EXERCISE GOAL - With the images excluded, set down every line of the listing below exactly.

MATERIAL PROVIDED -
_ _ _ _ _
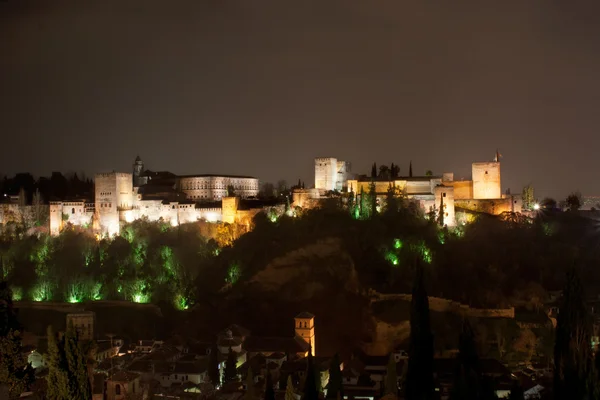 Die Alhambra in der Nacht — Stockfoto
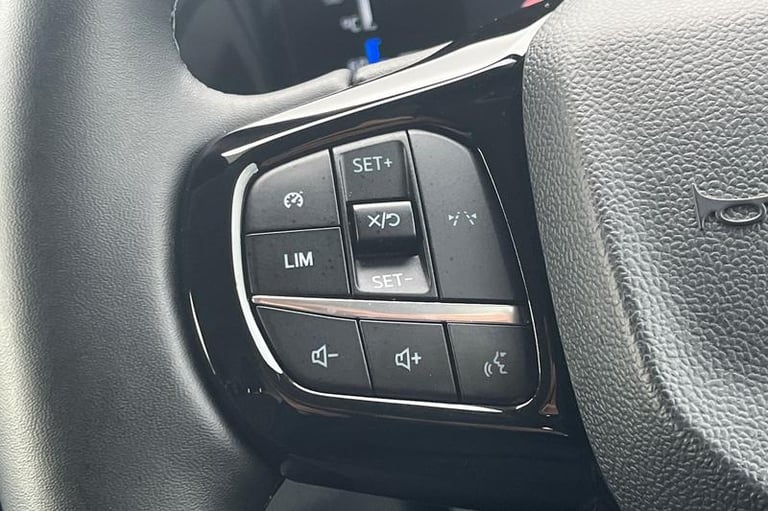 2024 Ford Transit Custom 300 Limited L2 LWB FWD 2.0 EcoBlue 136ps HEATED SEATS, REVERSE CAMERA, F...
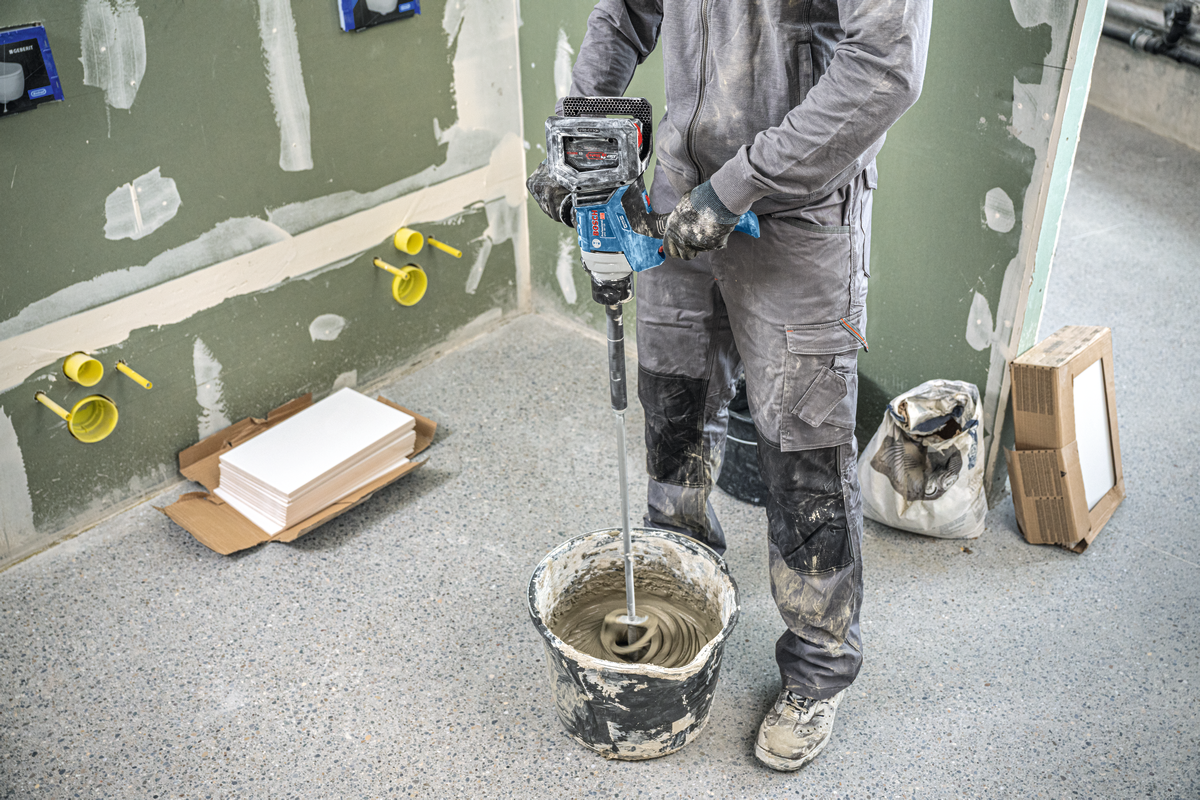 Bosch Professional GRW 18V-120 Akku-Rührwerk zum mischen von Mörtel (06011C2000)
_ _ _ _ _
TASK RESPONSE -
 Die Alhambra in der Nacht — Stockfoto
 2024 Ford Transit Custom 300 Limited L2 LWB FWD 2.0 EcoBlue 136ps HEATED SEATS, REVERSE CAMERA, F...
 Bosch Professional GRW 18V-120 Akku-Rührwerk zum mischen von Mörtel (06011C2000)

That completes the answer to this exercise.